Benedict Cassem da Universidade da Califórnia em Los Angeles melhorou o sistema, criando um equipamento mecânico capaz de realizar medidas automáticas e aumentou a sensibilidade do detector substituindo o contador G-M por contador eletrônico, composto de um cristal de tungstato de cálcio conectado a um tubo fotomultiplicador IP21, blindados com um colimador de chumbo de um canal.
A sonda (assim definido o detector e seu colimador) usada por Benedict Cassen e sua equipe tinha maior eficiência para a radiação γ do I-131 e maior resolução que os contadores G-M e com ela,  na primeira experiência, foi facilmente localizada a tireóide de um coelho no qual fora injetado 10 μCi de I-131.
Benedict Cassem aumentou a sensibilidade do método, usando um tipo novo e mais aperfeiçoado de válvula fotomultiplicadora, conectada com um cristal de antraceno, que tornou possível medir a captação do iodo na tireóide em 6 e 24 horas depois da administração de apenas 1μ de I-131
A partir daí começaram as experiências em humanos realizadas no Los Angeles Veterans Admnistration Hospital para localizar a tireóide, medir seu tamanho e o grau de captação do iodo radioativo no órgão como um todo e nos nódulos tireóideos.

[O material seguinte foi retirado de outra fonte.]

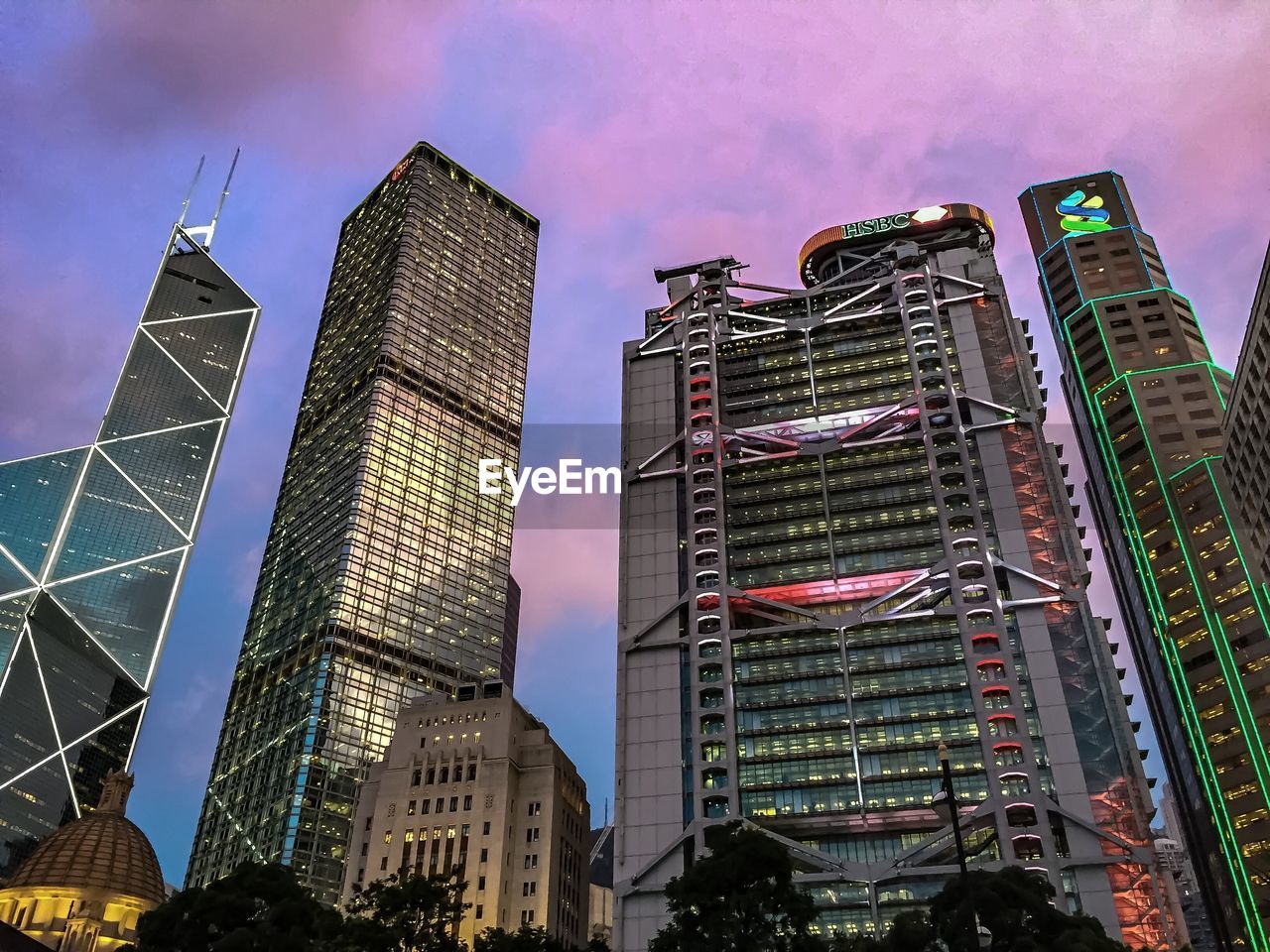 LOW ANGLE VIEW OF MODERN BUILDINGS AGAINST SKY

O CINTILÓGRAFO LINEAR E A IMAGEM EM MEDICINA NUCLEAR

Para evitar os inconvenientes do processo manual de medida, Benedict Cassen e Lawrence Curtis da Universidade da Califórnia automatizaram as medidas com a criação do primeiro cintilógrafo linear, capaz de gerar a imagem da distribuição do iodo radioativo da tireóide e, posteriormente, a imagem de outros órgãos, usando iodo e ou outros radionuclídeos.
A invenção do cintilógrafo linear por Benedict Cassem foi o evento revolucionário que ampliou o campo de ação da Medicina Nuclear trazendo para ela as imagens, não apenas do tipo anatômico macroscópico, mas expressando também a função na dimensão molecular.
As imagens geradas pelo aparelho receberam o nome de cintilografias para relacioná-las com as cintilações ocorridas no cristal do detector e o equipamento passou a ser chamado, inicialmente, de cintilógrafo e, mais tarde, de cintilógrafo linear para distingui-lo da câmera de cintilação.
O primeiro cintilógrafo compunha-se de três partes. A primeira parte era o sistema detector, formado por um cristal de tungstato de cálcio de pequeno diâmetro conectado a uma válvula fotomultiplicadora, ambos protegidos por um colimador cilíndrico, de paredes de chumbo com um só canal e que era reto.
O segundo componente era o sistema de registro do tipo eletromecânico de percussão, composto de uma bobina de núcleo móvel para acionar a percussão de um estilete (de 3 mm de largura) sobre uma fita com tinta negra, imprimindo marcas em um papel.
O terceiro componente era um motor que movia, simultaneamente, o sistema de detecção e o papel, ambos unidos ao motor por um braço. O motor fazia o conjunto detector-papel executar um novo tipo de movimento que foi chamado “de movimento de varredura” cujo passo era igual à largura do estilete. O detector varria a área a examinar no paciente e o papel deslocava-se sob o sistema de inscrição. Note-se que, nesse primeiro modelo, o papel era quem se movia enquanto o sistema de inscrição permanecia parado. Os cintilógrafos das gerações seguintes foram modificados e neles o sistema de detecção e o sistema de inscrição passaram a se mover unidos pelo mesmo braço, enquanto agora era o papel que permanecia estático.
Em 1950, Benedict Cassen e Lawrence Curtis apresentaram o primeiro relatório sobre a invenção do cintilógrafo linear à Universidade da Califórnia. Logo a seguir a revista “Nature” publicou um artigo sobre o novo aparelho e o ilustrou com a primeira cintilografia da tireóide de um ser humano.
O primeiro cintilógrafo funcionou tão bem que permaneceu em uso por três anos e meio no Los Angeles Veteran Adminisstration  Hospital.
                                                            
                                                     Ilustração 1 - Benedict Cassen

Mais tarde outras pessoas, além de Cassen, reivindicaram a precedência da invenção do cintilógrafo linear, entre eles Corbertt e Honour que, em 1951, usaram um aparelho com um tubo G-M focado, e Mayneord e Newbery que, em 1952, criaram um sistema de gravação de imagem usando um detector G-M.
Ilustração 2 - Cintilografia linear da tireóide com nódulo frio na face lateral do corpo do lobo direito - Imagem do Serviço de Medicina Nuclear de Santa Maria.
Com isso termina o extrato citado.